At least five LNG vessels operated by Qatar that were heading toward the passage at the southern end of the Red Sea have been halted since Friday, according to ship-tracking data compiled by Bloomberg. A prolonged pause in supplies from Europe’s second-biggest LNG provider raises risks just as wintry weather grips the continent.
Still, it’s unlikely to result in any shortages in the near term. Europe is well stocked and industrial demand remains subdued. European benchmark gas prices declined as much as 3.7% on Monday, and are trading near the lowest level since August.
Three tankers carrying LNG to Europe have paused off the coast of Oman. Two other empty ships heading back to Qatar to reload have halted on the other side of the Bab el-Mandab — one in the Red Sea and the other in the Mediterranean Sea near the Suez Canal.
The Combined Military Forces — encompassing both the US and UK navies — advised merchant shipping to stay away from the danger zone in the southern Red Sea following the airstrikes on the Iran-backed militant group. At least three major oil tanker operators said they would avoid the area.

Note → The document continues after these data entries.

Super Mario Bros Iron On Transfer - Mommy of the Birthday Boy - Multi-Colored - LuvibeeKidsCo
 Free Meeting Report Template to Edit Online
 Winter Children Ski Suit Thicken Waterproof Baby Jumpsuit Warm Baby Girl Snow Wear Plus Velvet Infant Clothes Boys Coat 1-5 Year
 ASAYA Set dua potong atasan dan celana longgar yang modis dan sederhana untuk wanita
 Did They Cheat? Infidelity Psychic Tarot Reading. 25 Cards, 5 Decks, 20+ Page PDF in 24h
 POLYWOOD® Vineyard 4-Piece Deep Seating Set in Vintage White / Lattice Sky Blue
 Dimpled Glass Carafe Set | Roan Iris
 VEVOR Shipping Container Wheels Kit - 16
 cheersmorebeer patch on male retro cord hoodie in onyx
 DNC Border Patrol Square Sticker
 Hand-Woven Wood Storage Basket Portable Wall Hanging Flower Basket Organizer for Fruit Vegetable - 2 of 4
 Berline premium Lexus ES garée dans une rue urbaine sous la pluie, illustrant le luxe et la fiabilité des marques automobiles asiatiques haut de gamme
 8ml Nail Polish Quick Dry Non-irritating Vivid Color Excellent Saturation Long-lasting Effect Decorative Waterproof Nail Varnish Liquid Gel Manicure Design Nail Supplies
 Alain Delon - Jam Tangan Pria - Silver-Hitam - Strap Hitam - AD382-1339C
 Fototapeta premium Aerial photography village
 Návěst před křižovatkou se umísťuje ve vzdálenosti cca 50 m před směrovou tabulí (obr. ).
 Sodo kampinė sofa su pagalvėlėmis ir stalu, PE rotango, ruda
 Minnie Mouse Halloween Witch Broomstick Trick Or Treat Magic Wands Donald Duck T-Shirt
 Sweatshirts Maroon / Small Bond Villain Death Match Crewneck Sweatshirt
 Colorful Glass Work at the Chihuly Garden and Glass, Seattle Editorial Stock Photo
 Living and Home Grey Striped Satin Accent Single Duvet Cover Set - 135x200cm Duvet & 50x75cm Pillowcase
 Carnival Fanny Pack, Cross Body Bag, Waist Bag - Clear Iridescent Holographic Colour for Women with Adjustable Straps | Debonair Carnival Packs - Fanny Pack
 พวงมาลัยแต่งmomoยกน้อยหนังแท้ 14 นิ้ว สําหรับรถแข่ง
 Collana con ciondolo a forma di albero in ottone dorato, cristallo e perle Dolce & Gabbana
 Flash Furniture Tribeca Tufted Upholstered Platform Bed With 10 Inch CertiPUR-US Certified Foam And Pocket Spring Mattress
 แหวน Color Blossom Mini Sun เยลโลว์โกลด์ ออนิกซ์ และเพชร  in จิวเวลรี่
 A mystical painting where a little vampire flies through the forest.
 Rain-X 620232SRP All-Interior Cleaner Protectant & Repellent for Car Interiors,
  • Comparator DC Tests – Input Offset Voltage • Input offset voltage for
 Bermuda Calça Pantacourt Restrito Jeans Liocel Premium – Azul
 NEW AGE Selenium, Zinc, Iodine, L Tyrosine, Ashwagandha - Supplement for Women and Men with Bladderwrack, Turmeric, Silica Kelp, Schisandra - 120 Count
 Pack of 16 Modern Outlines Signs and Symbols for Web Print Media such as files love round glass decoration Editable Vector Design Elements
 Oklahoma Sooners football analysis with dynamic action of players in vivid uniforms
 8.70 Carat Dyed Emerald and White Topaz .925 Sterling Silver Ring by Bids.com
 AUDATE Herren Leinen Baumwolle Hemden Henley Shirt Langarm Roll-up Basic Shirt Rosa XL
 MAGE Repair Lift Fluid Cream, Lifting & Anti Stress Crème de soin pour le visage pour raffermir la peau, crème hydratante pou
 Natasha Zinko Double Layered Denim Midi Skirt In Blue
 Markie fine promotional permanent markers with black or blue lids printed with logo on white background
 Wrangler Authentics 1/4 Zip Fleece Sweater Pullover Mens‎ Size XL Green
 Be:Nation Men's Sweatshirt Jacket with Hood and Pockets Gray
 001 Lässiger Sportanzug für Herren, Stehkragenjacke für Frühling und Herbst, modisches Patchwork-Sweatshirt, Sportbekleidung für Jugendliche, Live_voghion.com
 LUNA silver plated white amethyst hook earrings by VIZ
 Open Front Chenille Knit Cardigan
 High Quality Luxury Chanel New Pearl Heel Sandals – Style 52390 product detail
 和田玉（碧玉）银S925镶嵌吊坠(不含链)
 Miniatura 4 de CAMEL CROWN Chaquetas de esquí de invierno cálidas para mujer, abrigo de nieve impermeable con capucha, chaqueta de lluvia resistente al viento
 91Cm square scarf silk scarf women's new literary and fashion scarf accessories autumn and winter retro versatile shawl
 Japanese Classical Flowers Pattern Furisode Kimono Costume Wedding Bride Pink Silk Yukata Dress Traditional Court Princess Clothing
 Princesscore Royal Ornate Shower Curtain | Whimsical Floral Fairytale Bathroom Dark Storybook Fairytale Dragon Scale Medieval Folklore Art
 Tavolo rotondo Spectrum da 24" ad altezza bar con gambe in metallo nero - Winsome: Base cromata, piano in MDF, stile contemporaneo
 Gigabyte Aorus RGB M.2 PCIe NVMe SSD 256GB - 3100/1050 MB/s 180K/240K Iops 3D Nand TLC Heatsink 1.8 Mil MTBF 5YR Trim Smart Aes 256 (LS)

The Houthis haven’t attacked any vessels carrying gas since they started harrying ships in mid-November, but Qatar’s reluctance to transit the passage highlights the sharp increase in risks following the US-led strikes. The Persian Gulf nation — one of the world’s biggest LNG exporters — had until now been among a handful of gas suppliers continuing to use the Red Sea to send fuel to Europe.
Qatar is the biggest supplier of LNG to Europe after the US and would typically send exports via the waterway, given the alternative is the much longer route around the southern tip of Africa. It accounted for around 13% of Western European consumption last year.